Robert Preatoni, WabiSabiLabi's strategic director, was surprised by the invitation to speak at Microsoft's exclusive Blue Hat hacker summit last week. And by most accounts, his reception was far from chilly, despite the controversy that's swirled around the online auction site for buyers and sellers of vulnerabilities ever since it launched. (See Microsofties Check Out Vulnerability Auction Site at Blue Hat .)
It helped that most of the crowd was young, open-minded Microsoft security folks. Preatoni did get a few tough questions from Microsoft executives, though, with one suggesting that WSLabi should be more transparent and publish its vulnerability acceptance policy, Preatoni wrote in the WSLabi blog. "Suggestion taken Sir, we'll do it," he says.
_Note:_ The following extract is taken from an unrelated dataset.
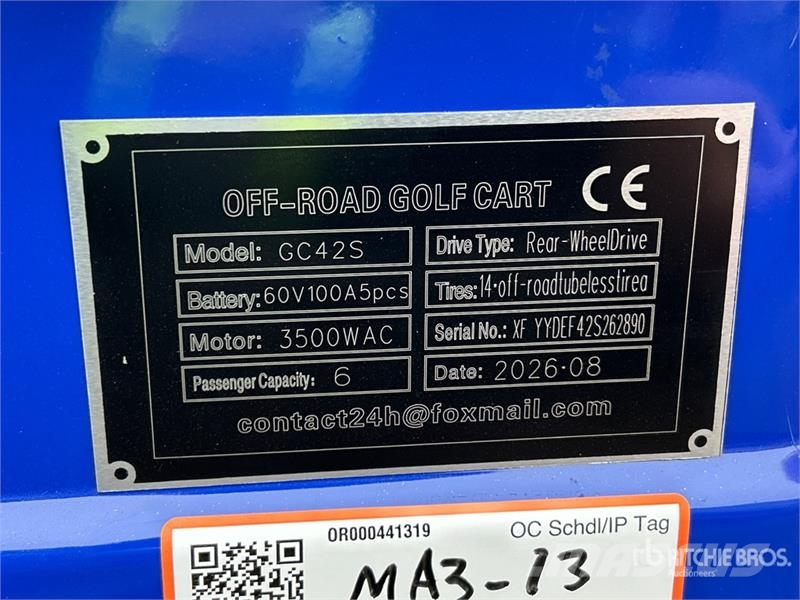  SDLOOL SL-GC42S Electric Off-Road Golf Cart (Unuse Golfkarretjes / golf carts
But whether approval from Microsoft's hacker-friendly-by-design Blue Hat crowd will help WSLabi gain acceptance by the security industry as a truly legitimate and safe way of selling bugs is unclear. Even proponents of full disclosure worry that WSLabi can't truly vet who's using its eBay-style auction.
The real question is can WSLabi's business model work? Last week, I was surprised to find that there was a grand total of zero bids on the 15 zero-day vulnerabilities that sat on the block. As of today, however, there's been an increase in activity -- four additional bugs are up for sale, and a handful of bids have been placed on four different bugs, including two of the newly posted ones.
Preatoni said in an interview last week that the site has transacted eight vulnerabilities so far. WSLabi gets a 10 percent cut from each sale, and so far, bugs have sold anywhere from between a few hundred euros to 5,000 euros.
The bottom line is that regardless of whether WSLabi gets the blessing of any security vendors -- including Microsoft -- its survival really still comes down to actual transactions on the online auction site.